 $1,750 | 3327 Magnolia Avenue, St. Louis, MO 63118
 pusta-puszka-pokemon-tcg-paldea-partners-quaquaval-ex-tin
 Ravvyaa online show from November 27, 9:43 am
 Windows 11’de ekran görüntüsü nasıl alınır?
==
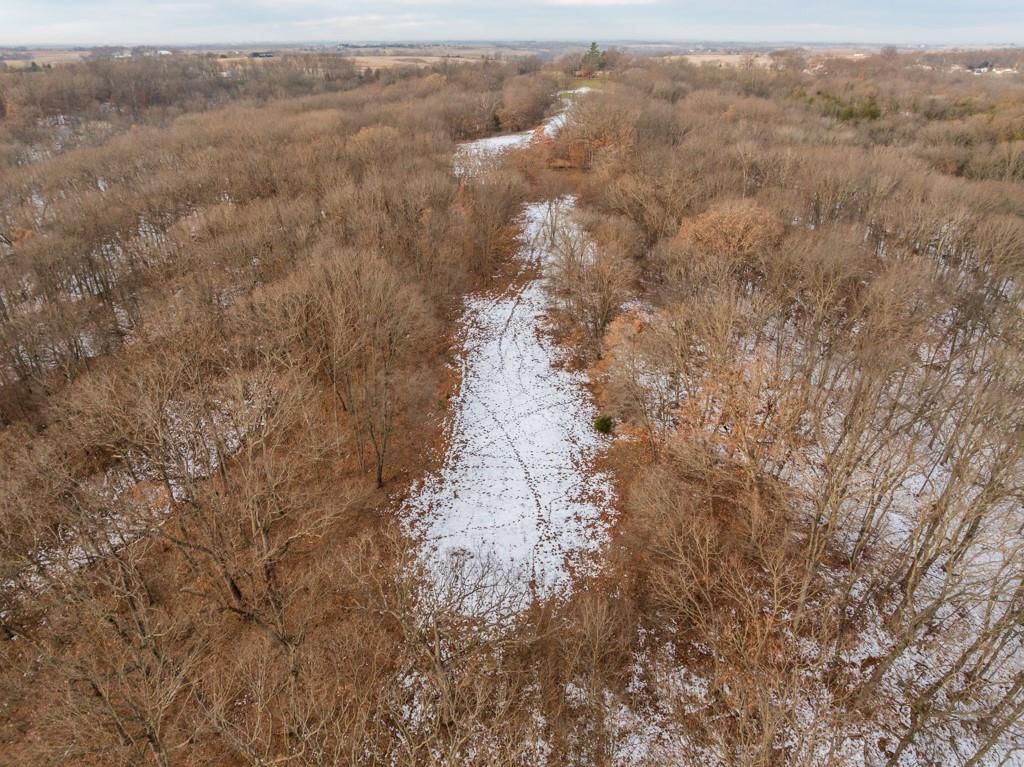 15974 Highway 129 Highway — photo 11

■ What this task involves:
Could you restate word for word the lines above, from the one that contains "Ravvyaa online show" through the one that contains "Windows 11’de ekran görüntüsü nasıl alınır?", and no others?

■ Output of the task:
 Ravvyaa online show from November 27, 9:43 am
 Windows 11’de ekran görüntüsü nasıl alınır?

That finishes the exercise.